In the category of abelian groups, the direct (cartesian) product is a product, in the categorical sense: $P=\prod\limits_{i\in I}A_i$ is a group, equipped with homomorphism $\pi_i\colon P\to A_i$ for each $i$ (the projections), with the universal property that for every abelian group $B$ with homomorphism $f_i\colon B\to A_i$ for each $i\in I$, there exists a unique $f\colon B\to P$ such that $f_i =\pi_i\circ f$ for each $i\in I$; the map $f$ is defined by letting $f(b)(i) = f_i(b)$ (remember that the elements of $P$ are maps $g\colon I\to\cup A_i$ with $g(i)\in A_i$ for each $i$; that's why we have $f(b)(i)$: $f(b)$ is a map from $I$ to $\cup A_i$, so $f(b)(i)$ is the map $f(b)$ evaluated at $i$).

The direct sum, on the other hand, is a coproduct in the categorical sense. $C=\oplus_{i\in I}A_i$ is a group, equipped with homomorphism $\iota_j\colon A_j\to C$ for each $j\in I$ (the map that sends $a\in A_j$ to the element that has $a$ in the $j$th coordinate and $0$s elsewhere), with the universal property that for every abelian group $B$ with homomorphism $g_i\colon A_i\to B$, there exists a unique homomorphism $g\colon C\to B$ such that $g_i = g\circ \iota_i$ for each $i$.

Because the set of homomorphisms from one abelian group to another form an abelian group (under pointwise addition) and composition is bilinear under this addition, then one can prove that any object which is a product for $A$ and $B$ is also a coproduct for $A$ and $B$ and conversely, any object which is a coproduct is also a product (Theorem 2 in Section VIII.2 of Categories for the Working Mathematician, by Saunders Mac Lane); in particular, finite products coincide with finite coproducts in the category of all abelian groups, which is why the direct product and direct sum agree when there are only finite many factors/summands.


For abelian groups, the direct sum is a special case of the categorical notion of coproduct. This means, among other things, that if $A, B, C$ are abelian groups, there is a natural isomorphism

$$\text{Hom}(A \oplus B, C) \cong \text{Hom}(A, C) \times \text{Hom}(B, C)$$

where $\text{Hom}(X, Y)$ is the set of homomorphisms $X \to Y$. This is not hard to see. The direct product is a special case of the categorical notion of product. This means, among other things, that if $A, B, C$ are abelian groups, there is a natural isomorphism

$$\text{Hom}(A, B \times C) \cong \text{Hom}(A, B) \times \text{Hom}(A, C).$$

This is also not hard to see. The product and coproduct naturally make sense for an arbitrary number of abelian groups, and then it turns out that in order to preserve the universal properties above the direct sum ends up being the subgroup of the direct product that Pete Clark describes.
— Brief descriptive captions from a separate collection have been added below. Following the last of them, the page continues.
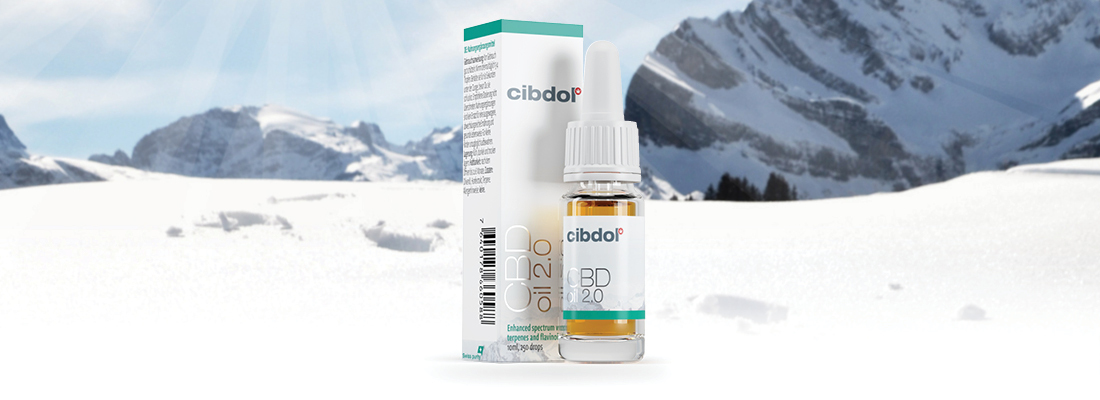 Uleiul CBD 2.0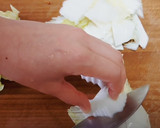 本場の味！とろとろ野菜の八宝菜作り方13写真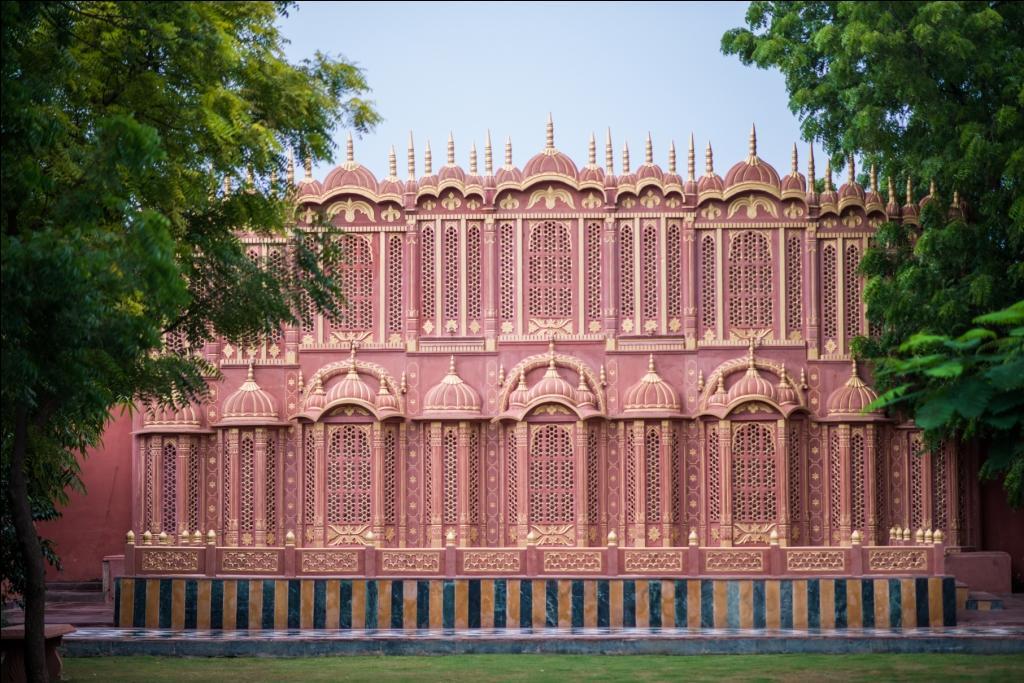 Chokhi Dhani The Ethnic 5 Dźajpur Zewnętrze zdjęcie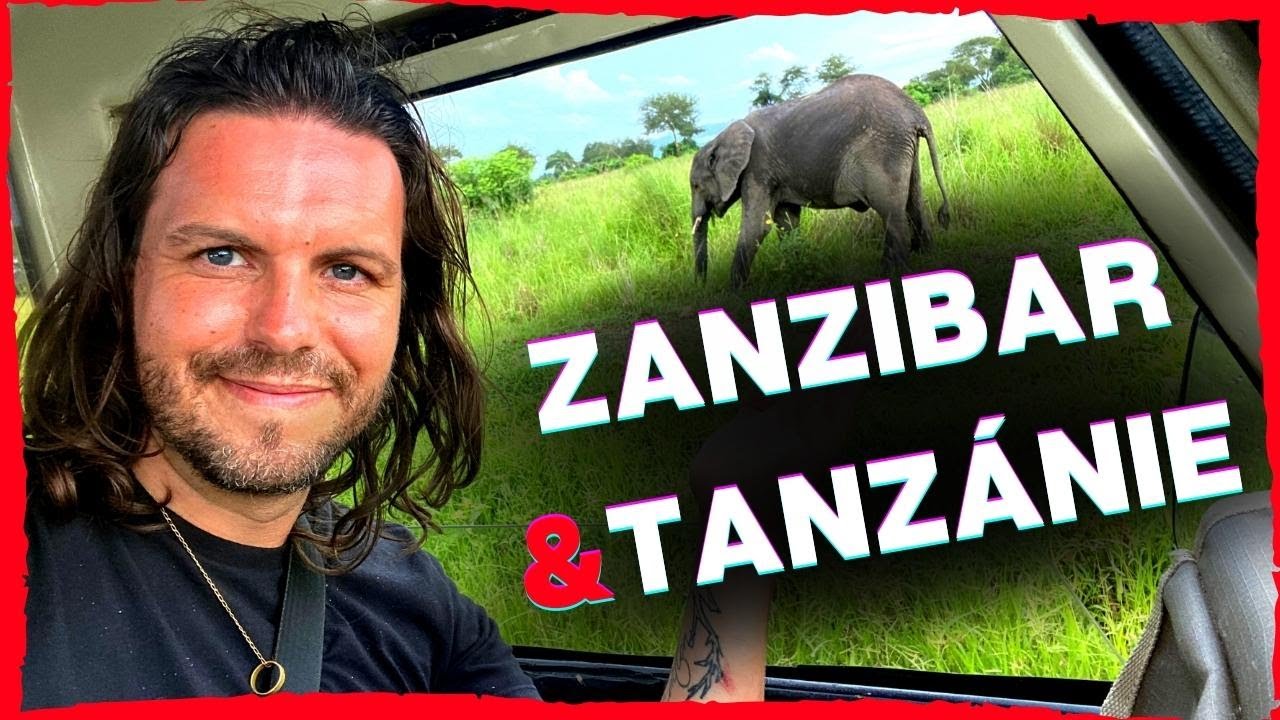 Zanzibar & Tanzánie JINAK | Tomáš Lukavec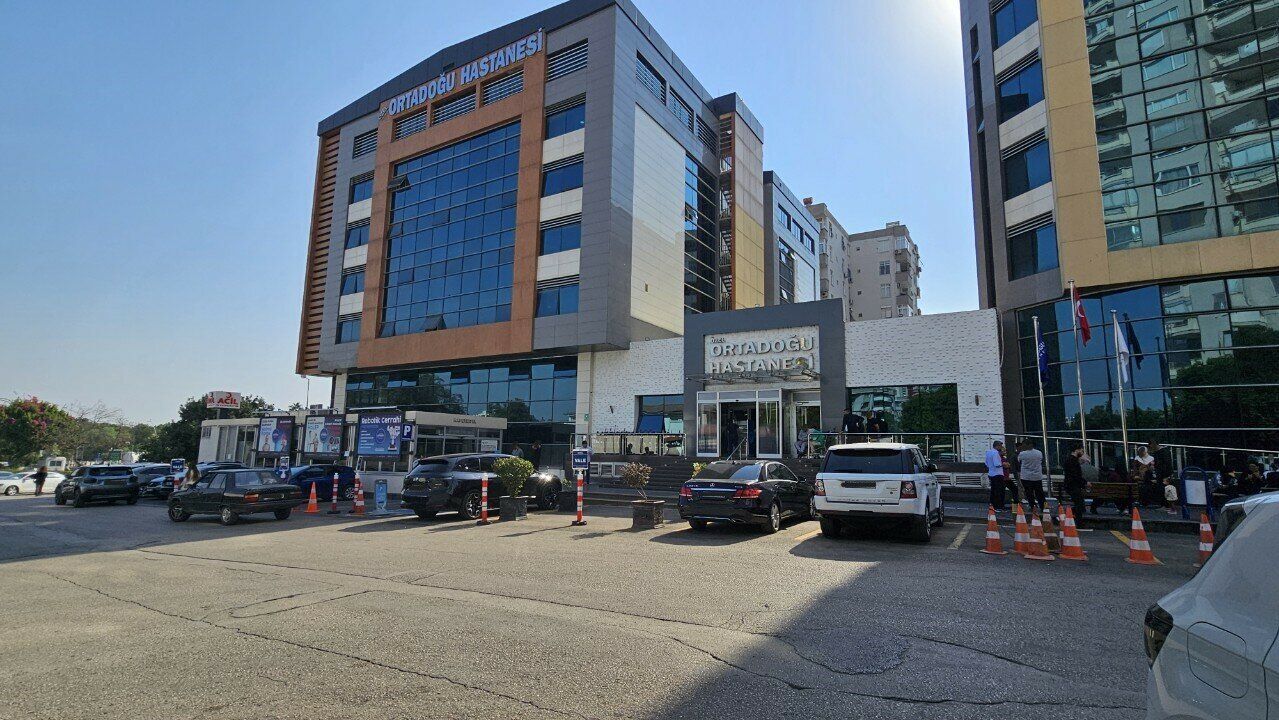 Özel Orta Doğu Hastanesi Açık, Hizmet Devam (1)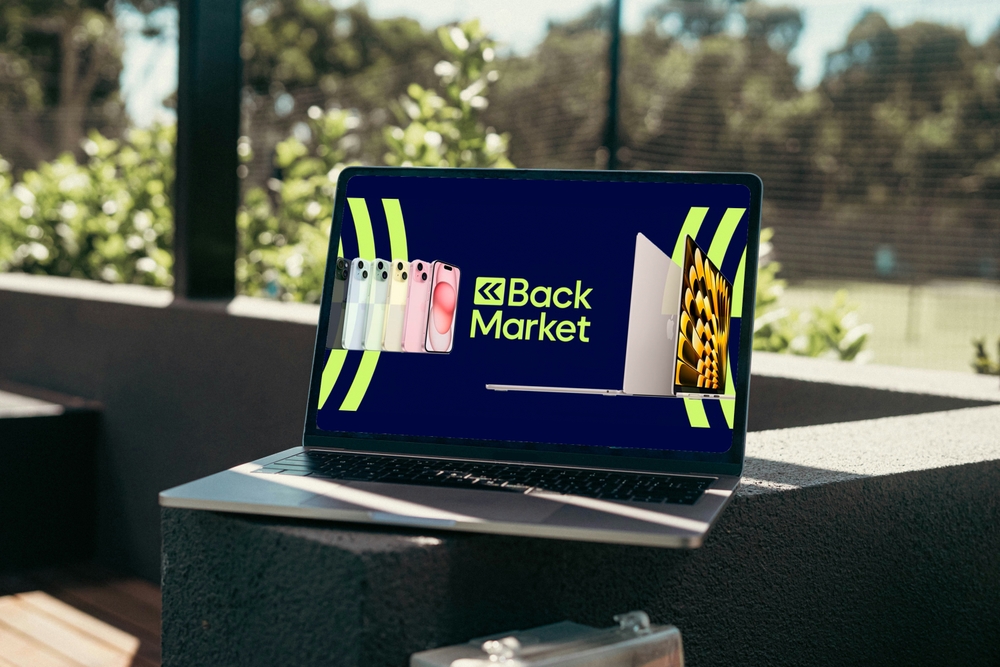 Backmarket Carding Method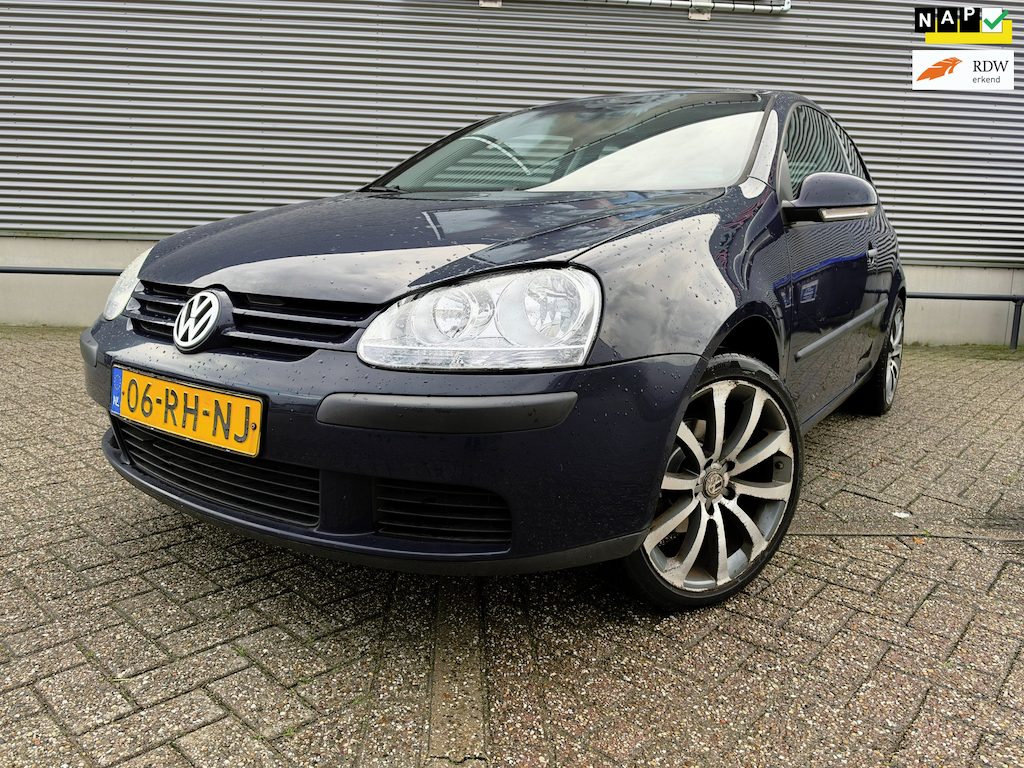 Volkswagen Golf 1.4 FSI Businessline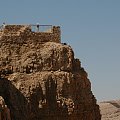 Izrael-MASADA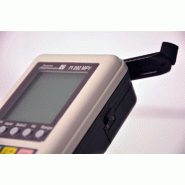 FI202MPV - Multimètre numérique portable RMS 6 000 points avec dynamo et mode intuitif_4
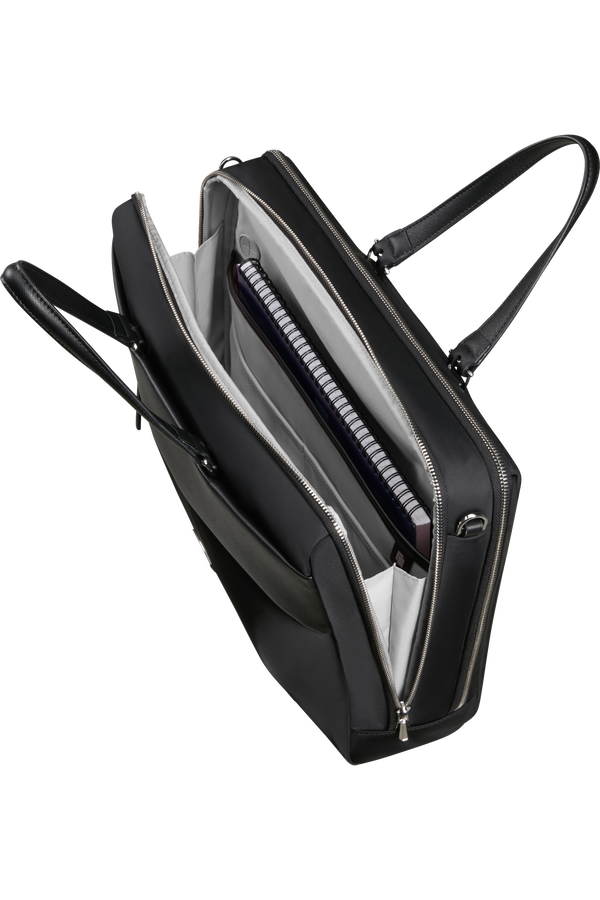 Samsonite Zalia 3.0 Bailhandle 2 Compartments 15.6'  Noir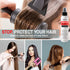 Thermal Heat Protector Hair Spray Enhances shine, Eliminates Frizz, Detangles Hair, protects hair from High heat, Ease on Styling prevents split e...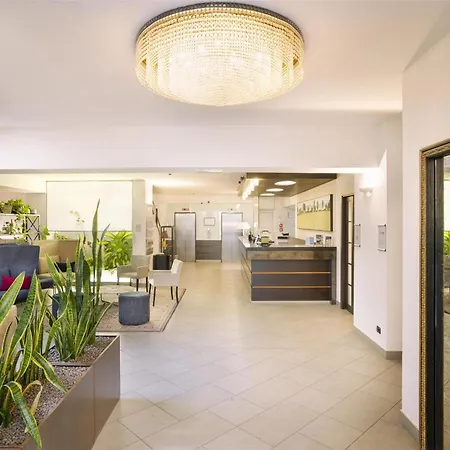 Western 4* Boloňa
There are at least three confusing things about this setup, at least to me.

  • The product and coproduct agree for finitely many factors. When this happens we say the category has finite biproducts. This is emphatically not true, for example, in the category of sets, where the product is the Cartesian product and the coproduct is the disjoint union.
  • The coproduct in the category of groups, as opposed to the category of abelian groups, is not the direct sum. It is the free product, which is why the free product is relevant to, for example, the Seifert-van Kampen theorem (which is abstractly a theorem about how taking fundamental groups preserves certain colimits, of which coproducts are an example).
  • It is still possible to define the direct sum of infinitely many groups (not necessarily abelian), and this construction has neither of the universal properties above.

In any case, the fact that the product and coproduct are abstractly different should hint to you that they appear in different situations, even though they look the same. You can sometimes tell the difference by asking what happens when you extend a finite construction to infinitely many things.

For example, you mentioned homology groups. Consider the wedge $X$ of countably many circles. Then I claim that $H_1(X) = \bigoplus_{i=1}^{\infty} \mathbb{Z}$ but that $H^1(X) = \prod_{i=1}^{\infty} \mathbb{Z}$.